J’annonce dans mon profil que la politique est un de mes centres d’intérêt. Je suis musicien professionnel et en ce moment se passe une révolution dans la diffusion des œuvres enregistrées. Les questions soulevées par cette révolution sont extrêmement techniques dans le détail, mais suffisamment simples pour avoir fait l’objet d’un débat public dans les médias récemment et être régulièrement l’objet de dépêches et d’articles. Je veux bien entendu parler de ce que l’on appelle communément le téléchargement.
Prenons le problème dans le bon sens. Il s’agit d’une réalité comme la pluie ou … le réchauffement de la planète, qui bouscule les modèles de rémunération des acteurs de l’industrie musicale. ( C’est fou ce que je n’ai pas l’impression de parler de moi quand j’emploie ces termes et pourtant…). Il y a certaines ressemblances d’ailleurs entre le problème écologique et cette question. Dans les deux cas, il faut constater que les personnes qui auraient dû anticiper ne l’ont pas fait, et de même une fois le problème survenu leur réaction refuse la réalité.

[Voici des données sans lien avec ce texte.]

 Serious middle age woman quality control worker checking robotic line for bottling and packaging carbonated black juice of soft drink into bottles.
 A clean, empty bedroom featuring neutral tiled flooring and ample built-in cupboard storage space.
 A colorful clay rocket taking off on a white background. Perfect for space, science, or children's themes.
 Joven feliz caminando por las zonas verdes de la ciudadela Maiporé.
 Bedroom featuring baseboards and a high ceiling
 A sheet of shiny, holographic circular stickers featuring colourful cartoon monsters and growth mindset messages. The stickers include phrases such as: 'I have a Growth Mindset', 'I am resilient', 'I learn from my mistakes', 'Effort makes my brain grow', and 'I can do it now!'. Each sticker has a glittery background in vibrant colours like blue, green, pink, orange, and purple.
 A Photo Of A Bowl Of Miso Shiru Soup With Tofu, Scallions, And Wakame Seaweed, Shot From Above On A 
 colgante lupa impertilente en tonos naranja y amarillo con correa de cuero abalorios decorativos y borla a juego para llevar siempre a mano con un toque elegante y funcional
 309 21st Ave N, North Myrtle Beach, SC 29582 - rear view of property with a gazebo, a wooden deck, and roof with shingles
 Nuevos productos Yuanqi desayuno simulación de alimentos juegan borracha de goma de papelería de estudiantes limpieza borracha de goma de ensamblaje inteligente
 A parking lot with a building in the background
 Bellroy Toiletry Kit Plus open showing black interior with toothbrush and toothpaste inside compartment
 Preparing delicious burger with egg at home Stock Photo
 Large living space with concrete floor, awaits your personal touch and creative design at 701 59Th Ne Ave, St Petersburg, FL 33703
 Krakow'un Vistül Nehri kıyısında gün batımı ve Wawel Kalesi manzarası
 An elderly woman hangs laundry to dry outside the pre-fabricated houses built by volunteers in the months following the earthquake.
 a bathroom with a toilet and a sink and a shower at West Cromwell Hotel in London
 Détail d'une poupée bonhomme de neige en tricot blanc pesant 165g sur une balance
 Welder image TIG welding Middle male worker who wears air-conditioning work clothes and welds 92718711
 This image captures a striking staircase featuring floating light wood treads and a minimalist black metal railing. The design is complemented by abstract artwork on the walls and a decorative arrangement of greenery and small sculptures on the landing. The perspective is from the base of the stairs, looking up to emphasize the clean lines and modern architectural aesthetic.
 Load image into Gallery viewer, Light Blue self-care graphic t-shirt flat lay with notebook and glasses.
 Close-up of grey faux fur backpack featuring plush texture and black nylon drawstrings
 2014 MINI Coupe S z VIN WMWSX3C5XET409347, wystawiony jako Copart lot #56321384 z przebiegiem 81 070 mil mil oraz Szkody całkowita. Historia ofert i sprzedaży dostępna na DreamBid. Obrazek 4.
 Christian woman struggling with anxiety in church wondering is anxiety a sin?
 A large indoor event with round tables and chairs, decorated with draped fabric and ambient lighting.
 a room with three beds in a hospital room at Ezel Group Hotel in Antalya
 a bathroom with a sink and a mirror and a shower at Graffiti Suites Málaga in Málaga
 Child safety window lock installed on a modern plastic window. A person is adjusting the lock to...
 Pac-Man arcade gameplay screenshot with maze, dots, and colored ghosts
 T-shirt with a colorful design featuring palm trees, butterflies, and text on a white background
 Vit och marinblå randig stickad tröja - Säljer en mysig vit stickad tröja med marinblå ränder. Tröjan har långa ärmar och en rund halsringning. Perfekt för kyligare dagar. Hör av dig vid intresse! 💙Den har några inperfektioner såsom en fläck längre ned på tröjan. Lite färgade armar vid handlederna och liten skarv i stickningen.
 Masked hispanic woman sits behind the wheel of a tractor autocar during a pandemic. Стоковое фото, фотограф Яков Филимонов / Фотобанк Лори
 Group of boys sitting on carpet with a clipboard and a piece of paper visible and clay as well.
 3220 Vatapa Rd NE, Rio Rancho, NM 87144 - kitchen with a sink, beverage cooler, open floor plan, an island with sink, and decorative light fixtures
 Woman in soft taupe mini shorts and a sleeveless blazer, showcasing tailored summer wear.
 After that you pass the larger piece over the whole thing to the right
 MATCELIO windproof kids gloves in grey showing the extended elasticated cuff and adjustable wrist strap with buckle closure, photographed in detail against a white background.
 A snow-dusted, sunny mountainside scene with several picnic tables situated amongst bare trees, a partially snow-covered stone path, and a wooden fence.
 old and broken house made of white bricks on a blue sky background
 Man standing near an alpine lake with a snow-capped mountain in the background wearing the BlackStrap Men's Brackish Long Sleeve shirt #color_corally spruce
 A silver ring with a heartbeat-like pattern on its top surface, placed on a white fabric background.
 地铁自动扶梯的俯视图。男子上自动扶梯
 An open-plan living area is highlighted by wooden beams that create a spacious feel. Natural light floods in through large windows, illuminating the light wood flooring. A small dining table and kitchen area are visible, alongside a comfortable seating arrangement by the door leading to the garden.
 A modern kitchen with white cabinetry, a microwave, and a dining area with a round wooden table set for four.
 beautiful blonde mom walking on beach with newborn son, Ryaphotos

Dans le cas du téléchargement, les compagnies de disque n’ont pas imaginé ce que tout le monde aurait pu deviner : l’échange de fichiers ! Quel phénomène surprenant n’est-ce pas ? Et une fois le problème avéré et constaté dans les livres de recettes (comptables, pas de cuisine), la réaction ne s’est pas fait attendre, on a voulu faire peur aux méchants internautes, étudiants, coiffeurs, ouvriers voire musiciens !!!!! qui sont devenus illico de dangereux malfaiteurs fort heureusement passibles des pires peines !!!
Le problème est posé. Il se trouve que je suis musicien professionnel et que j’ai fait des études de droit. J’ai donc souvent envie de rugir quand je vois la façon orientée dont on présente le problème au public.
Ce que l’on oublie souvent de dire même si on l’entend de plus en plus c’est ce que le téléchargement met en danger réellement. A savoir les recettes des très gros vendeurs de disques qui voient certes leurs bénéfices amputés significativement mais est-ce un mal quand on pense à la part qu’ils représentent dans le monde artistique, c’est-à-dire une part infime s’octroyant le maximum de parts du «gâteau». L’immense majorité des musiciens dont je fais partie n’a que faire du téléchargement ou plutôt y voit un moyen quasi-providentiel de contourner les forteresses inaccessibles que sont devenus les maisons de disque pour toucher un public et éventuellement pouvoir travailler en … donnant des concerts !
D’un point de vue juridique, il est très agaçant de voir les politiques tenir la main des décideurs pour brandir les menaces en entretenant la confusion sur les réelles décisions de justice. Il existe une graduation subtile des sanctions en fonction de l’infraction et il est fort peu probable que quelqu’un soit envoyé en prison pour avoir télécharger un quelconque fichier pour son usage personnel. Il est très facile de terroriser les gens en menaçant le moindre téléchargement de la peine prononcée contre un membre d’un réseau de trafic de DVD par exemple.
Je surveille les décisions (et je ne suis pas le seul) et si je trouve quelque chose d’inquiétant, je le dirai ici.
Toujours d’un point de vue juridique, il faut constater que la tentative de coller à la réalité que représentait la licence globale a été écartée politiquement, probablement par frilosité, donc aujourd’hui c’est le statu quo. Les majors menacent et tente de terroriser, en vain je le crois car si je peux comprendre des réactions un peu timides de la première génération d’internautes dont je fais partie je crois que les générations nées avec Internet n’auront plus peur.
La peur devrait même changer de camp car le téléchargement est peut-être le premier espoir pour les artistes musiciens de voir remise en question la répartition actuelle des droits engendrés par la musique qui a l’instar de la répartition des richesses en général n’est pas des plus égalitaires à la condition, bien sûr de ne pas laisser les décisions politiques se prendre sans nous.